在 Python 中计算直线（斜率为 x）和水平之间的角度（度数）

Question

I need to calculate the angle between a line and the horizontal. My high school maths seems to be failing me.

import matplotlib.pyplot as plt
import numpy as np

x = [8450.0, 8061.0, 7524.0, 7180.0, 8247.0, 8929.0, 8896.0, 9736.0, 9658.0, 9592.0]
y = range(len(x))

best_fit_line = np.poly1d(np.polyfit(y, x, 1))(y)

slope = (y[-1] - y[0]) / (x[-1] - x[0])
angle = np.arctan(slope)

print 'slope: ' + str(slope)
print 'angle: ' + str(angle)

plt.figure(figsize=(8,6))
plt.plot(x)
plt.plot(best_fit_line, '--', color='r')
plt.show()

The results are as follow:

slope: 0.00788091068301
angle: 0.00788074753125

I need the angle between the horizontal and the red dotted line. Just by looking at it, it should probably be something between 30-45 degrees. What am I doing wrong?

* regarding slope = (y[-1] - y[0]) / (x[-1] - x[0]) , I have also tried numpy.diff and scipy.stats.linregress , but no success either.

Answer 1

The line goes in x-direction from 0 to 9 and in y-direction from 7500 to 9500. Therefore your slope is only 0.00788091068301 and not 0.57 for about 30°. Your calculations are correct, but better use arctan2:

angle = np.rad2deg(np.arctan2(y[-1] - y[0], x[-1] - x[0]))

Answer 2

Not so much an answer, but more of an explanation of the problems you faced.

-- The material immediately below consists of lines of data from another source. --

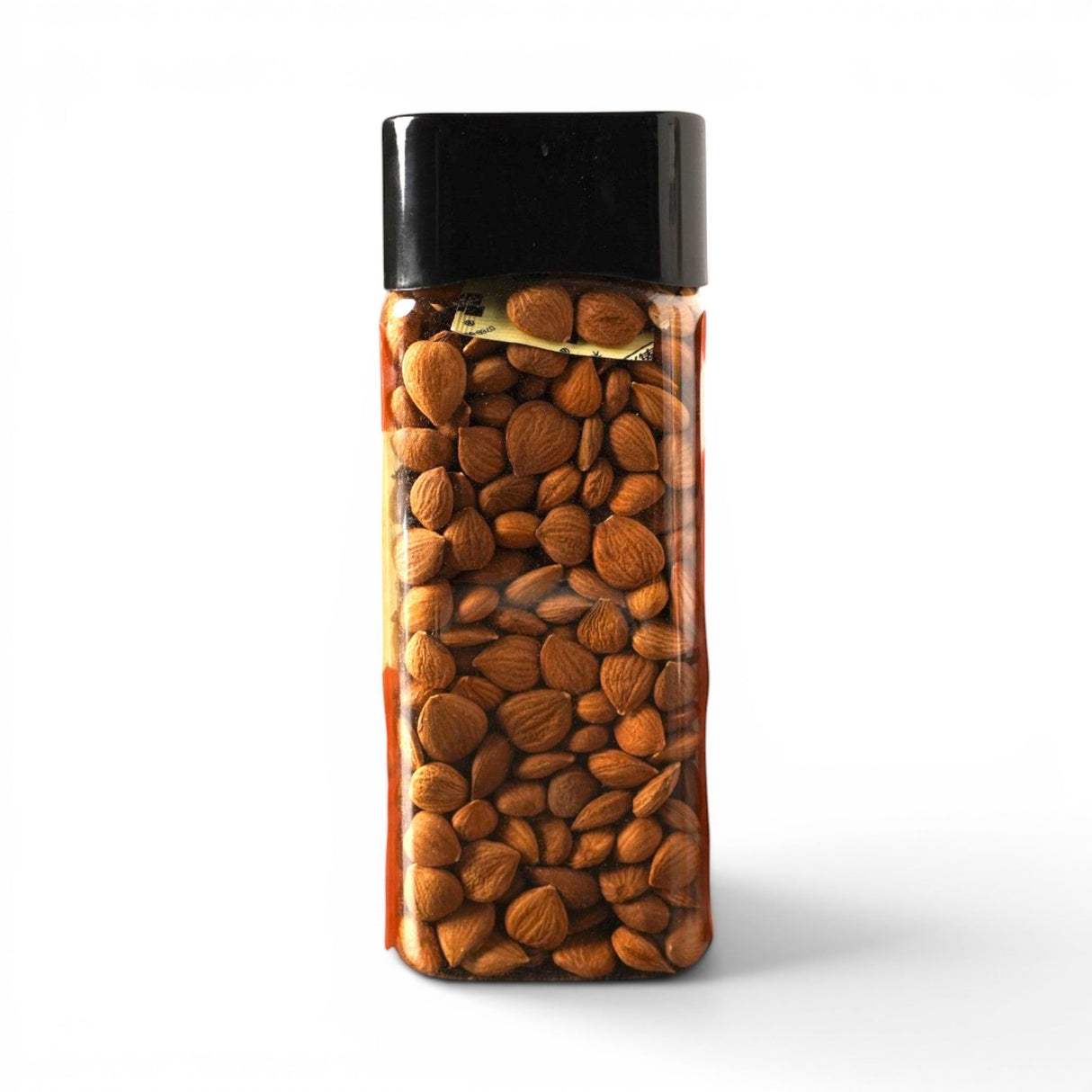 Mahnaz Food apricot seeds in a clear rectangular plastic jar with a black lid, perfect for snacking or baking.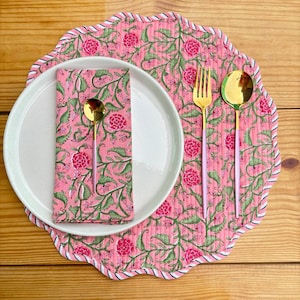 Könnte beinhalten: Rosa-farbener Platzdeckchen aus Baumwolle mit Blumenmuster, gewelltem Rand und weißem Besatz. Auf dem Platzdeckchen liegt ein weißer Teller mit einer rosa-farbener Serviette mit Blumenmuster und goldenem Besteck.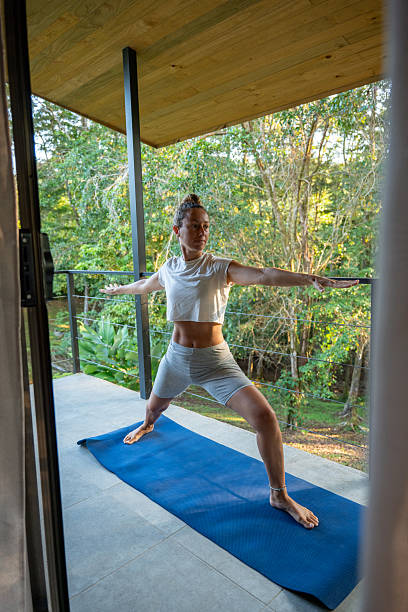 istock Woman Practicing Yoga on Porch with Forest View 2196258700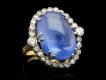 Cabochon Ceylon sapphire and diamond coronet cluster ring, circa 1920.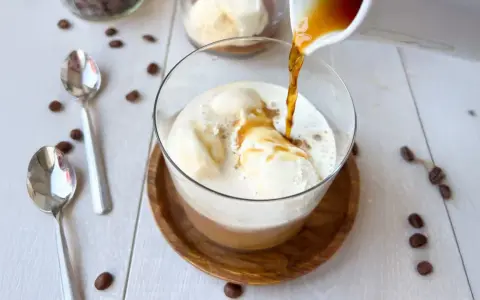 Ein heißer Espresso fließt über cremiges Vanilleeis. Ein perfekter Affogato Cafe, bereit zum Genießen.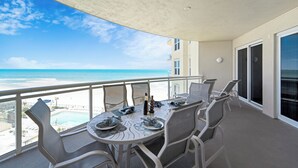 A balcony with a table set for two, overlooking a beach and pool.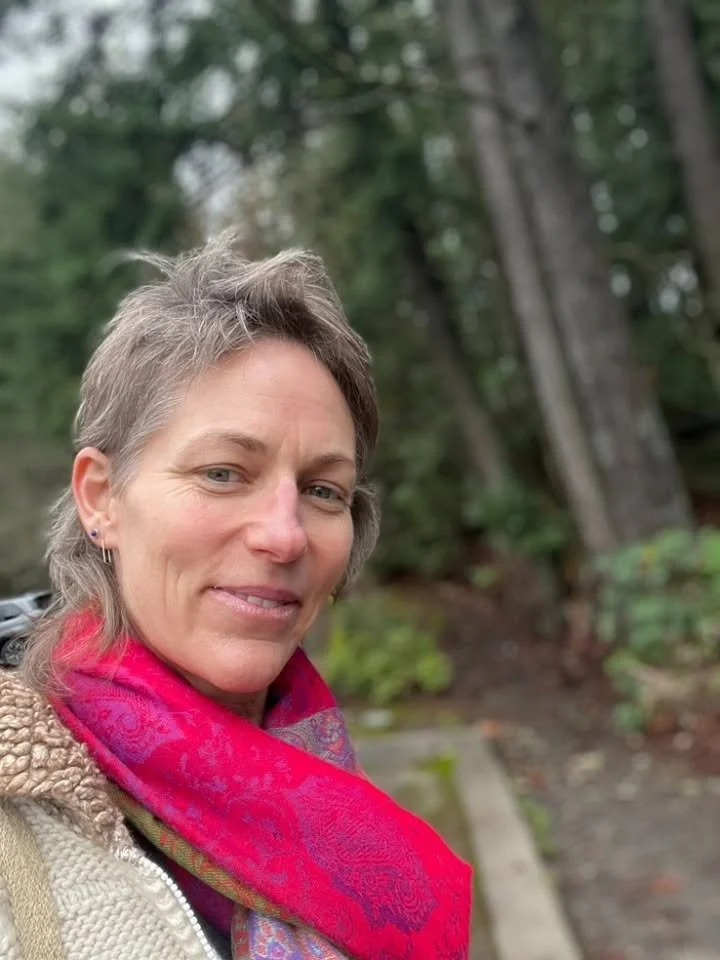 Selfie of OHTP student Melissa in the forest wearing a bright pink scarf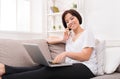 Young smiling beautiful woman with phone and laptop on the sofa Royalty Free Stock Photo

1. In your slope calculation, you are using the first and last data points in your list (x=[]), not the start and end of the line (best_fit_line).

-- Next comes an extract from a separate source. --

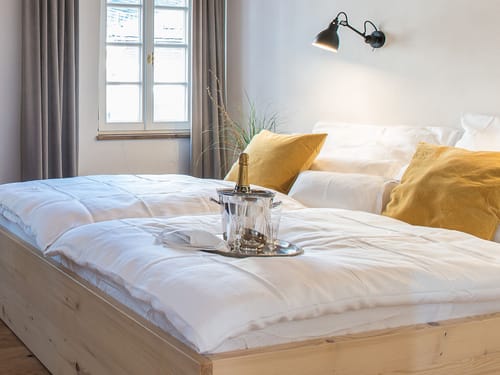 Elegantes Schlafzimmer mit gemütlichem Doppelbett und Champagner.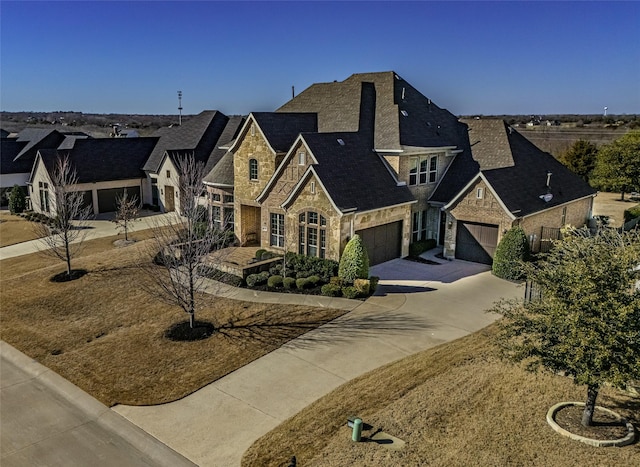 french provincial home with stone siding, an attached garage, and driveway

so, you are using x[-1] = 9592.0, and x[0] = 8450.0 for the end and start of your vertical 'run' (y-axis / variable 'x').

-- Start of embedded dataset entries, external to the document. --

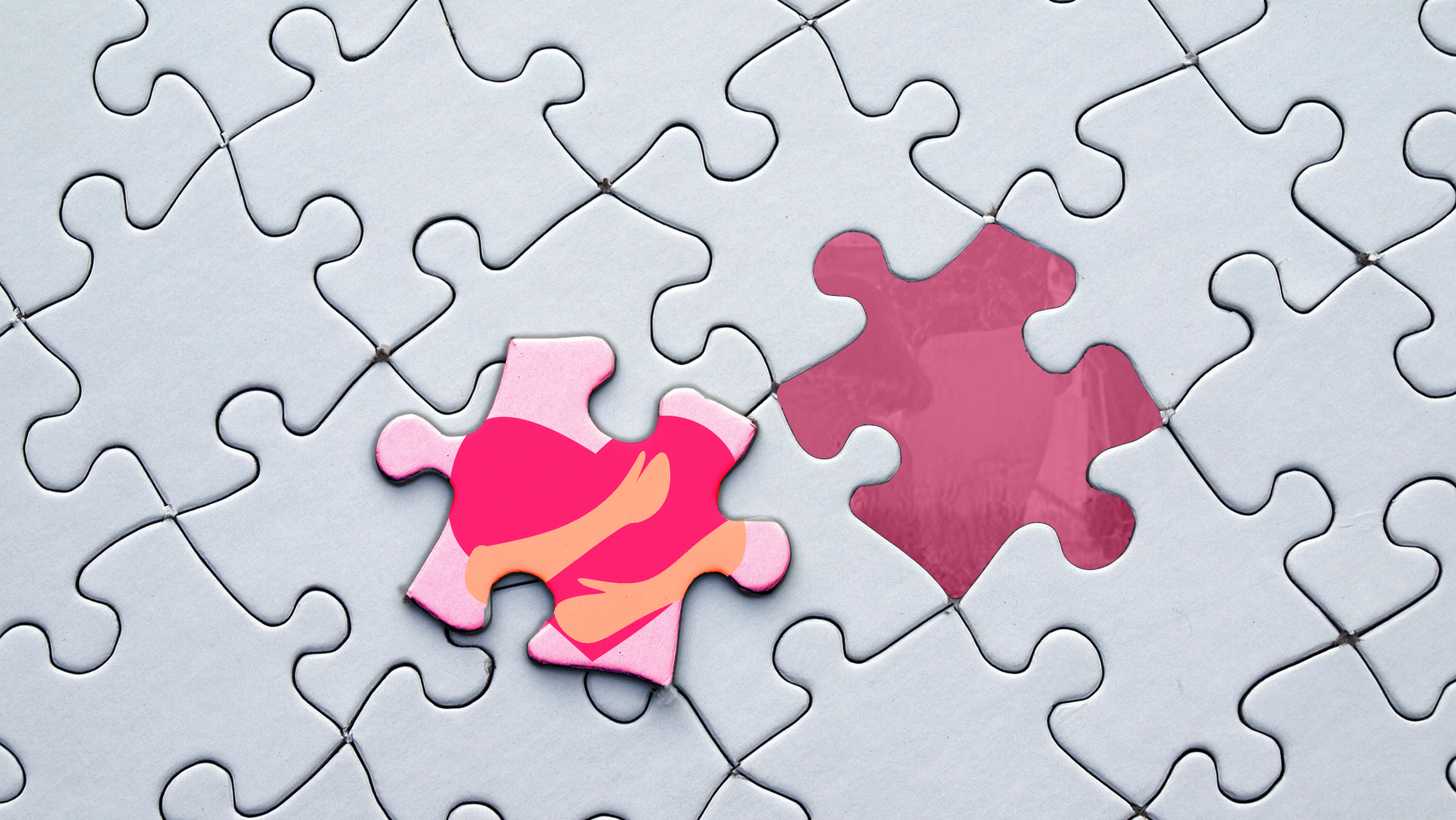 A puzzle with one missing piece. The remaining piece is pink with a red heart and two hands.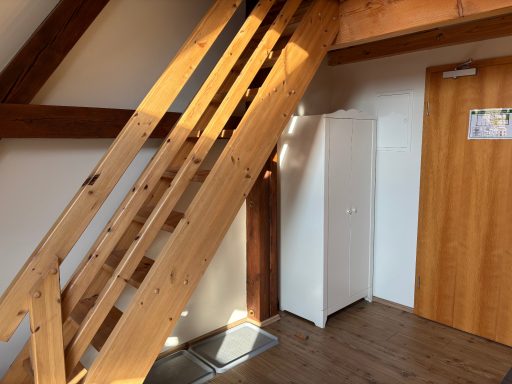 Holztreppe zu einem oberen Stockwerk, Kühlschrank und Tür im Raum sichtbar.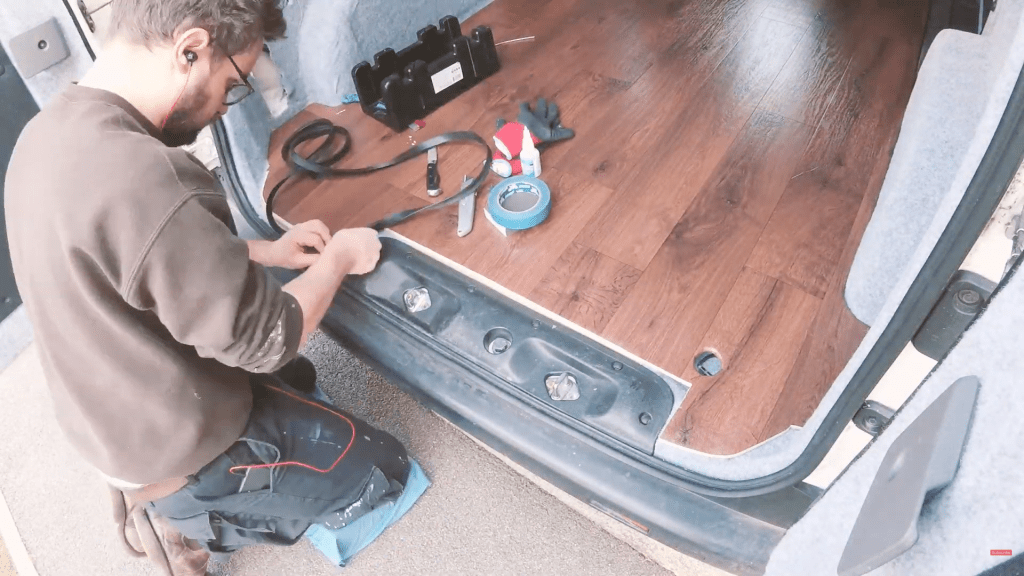 Gluing black rubber L-section to the van floor edge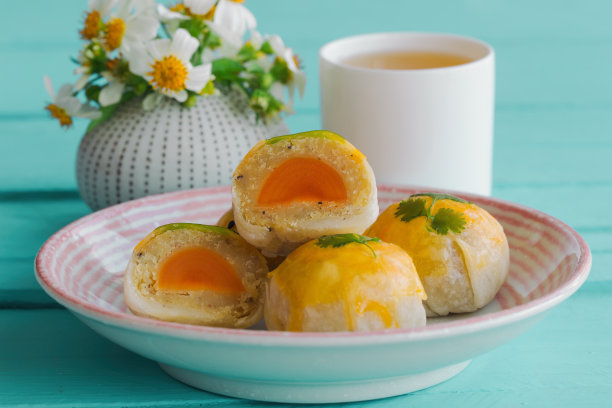 精美的中式点心或月饼夹绿豆沙和咸蛋黄在陶瓷盘子上，茶水在浅蓝色的木桌上。自制的面包店的概念。素材图片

In fact, your (red-dotted) line starts at 7500 and ends at 9500 as stated by Daniel above. this is shown in your variable 'best_fit_line' when calculated using your 'x' and 'y' data points.

>>>print('best_fit_line = ',best_fit_line)
>>>best_fit_line = [7581.47272727 7813.87878788 8046.28484848 8278.69090909 8511.0969697 8743.5030303  8975.90909091 9208.31515152 9440.72121212 9673.12727273]

to calculate the rise,run and slope of the 'red dotted line':

rise = best_fit_line[-1] - best_fit_line[0]
run = y[-1] - y[0]  # note: this is your variable for the x-axis
slope = rise / run
angle = np.rad2deg(np.arctan2(rise,run)) # in degrees from horizontal

which gives the following values when run using your data points and calculating the line slope:

best_fit_line = [7581.47272727 7813.87878788 8046.28484848 8278.69090909 8511.0969697 8743.5030303  8975.90909091 9208.31515152 9440.72121212 9673.12727273]
rise =  2091.654545454541
run = 9
slope:  232.40606060606012
angle =  89.75346845184545 degrees

which brings to the 2nd problem jtbandes pointed out when figuring out slope.

2. Slope is meant to be determined using same units of measurement.

eg. slope of a ramp (best_fit_line) is the amount of rise (change in vertical height: y-axis) / the amount of run (length of horizontal distance ramp covers: x-axis)

A ramp which rises 1m over a length of 10m has a slope of 1/10 or 0.1 This is the same as saying a 10% incline or grade (0.1 * 100) Or 5.71 degrees up from the horizontal.

The problem with using the number of datapoints for the horizontal (run) is that you are not using the same units in the vertical (y-axis, your variable 'x') as the horizontal (x-axis, your variable 'y')

So, the calculated slope of 89.7 degrees of your line using your data points (rise) and number of data points (run) is correct, but the scale of the graph is off.

Run the code above again and look at the graph. the graph is roughly square when matplotlib displays it. On my monitor, the x-axis of your graph which is a total of 9 units (0 -> 9) long, measures 15cm. The y-axis which has a total of 3,000 units (7,000 -> 10,000) long, measures 12cm.

If the units were the same (days, $, km, etc) on both axis, then the line would have a slope of 232, or 89.7 degrees.

but the units are not the same, and matplotlib does not know this, it just displays a pretty graph within the confines of the figsize you asked it to print.

plt.figure(figsize=(8,6))

change the figsize numbers around and see what happens to the slope of the line when you run the code again.

8,1 displays an almost horizontal line.

1,6 displays an almost vertical line.

change back to 8,6 and re-size the graph manually using your mouse. Changing the aspect ratio of the graph changes the displayed slope of the line from almost vertical to almost horizontal and everything in between.

Answers what you did wrong, but probably doesn't help.

Need to find a way to compare 'apples' to 'apples' to have the slope of a line mean anything.